While that's a solid deal for sure, it's by no means completely out of the ordinary, at least in North America. I'd hold your financial well being over a bass for the time being, not to mention with Modulus it's not like finding an awesome one is one in a million, but par the course. 

Though, it could sit there for awhile and then you can have your cake and slap it too.....or something like that.


----------



## TemjinStrife (Sep 30, 2012)

That's a pretty normal price for a used Modulus. It's not worth going into massive debt to buy gear.


----------



## Sepultorture (Oct 1, 2012)

all very true, but at the same time, we have no modulus dealers up here, atleast none i've seen listed anywhere. infact this is the first an only time i've ever seen a Modulus in person, aside from at a show.

but it's all very true, i don't want to put myself in more debt right now, i want that damn credit card paid off by decembers end.


----------



## Sepultorture (Oct 8, 2012)

went to cosmos again, jammed te bass out, still effing love the feel, playability and sound, but as cheap as it is i am indeed broke as fuck, and i kn the only way i will get one after this is too buy one new or stumble across a miracle like this again, you nevr see these basses in canada. but being in debt on top of debt, nah, gunna get myself out, then save and buy gear again


----------



## Necris (Oct 8, 2012)

I've had a couple Quantums, I have one now, and like every other instrument on the planet they're not worth living in debt for.
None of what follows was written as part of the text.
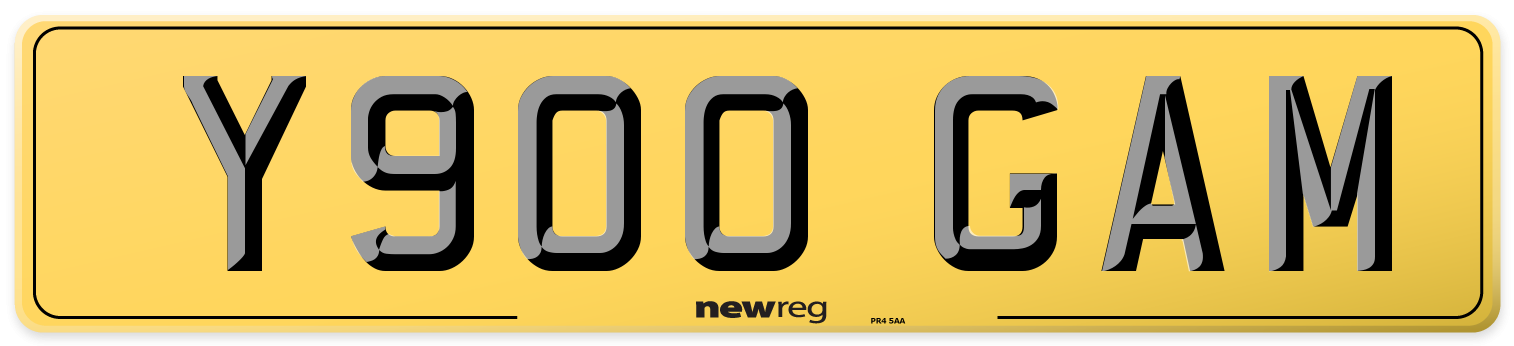Y900 GAM Rear Number Plate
If you have issues getting them cheap (in comparison to the cost of a new one) in Canada someone here in the US could probably help you out, or you could wander around the talkbass classifieds for a while. I see them pop up for under-2k pretty often on various sites, and even under $1500 on occasion.


----------



## Sepultorture (Oct 9, 2012)

Necris said:


> I've had a couple Quantums, I have one now, and like every other instrument on the planet they're not worth living in debt for.
> 
> If you have issues getting them cheap (in comparison to the cost of a new one) in Canada someone here in the US could probably help you out, or you could wander around the talkbass classifieds for a while. I see them pop up for under-2k pretty often on various sites, and even under $1500 on occasion.



Thank you muchly my good man, i will definitely look into that when the time is right


----------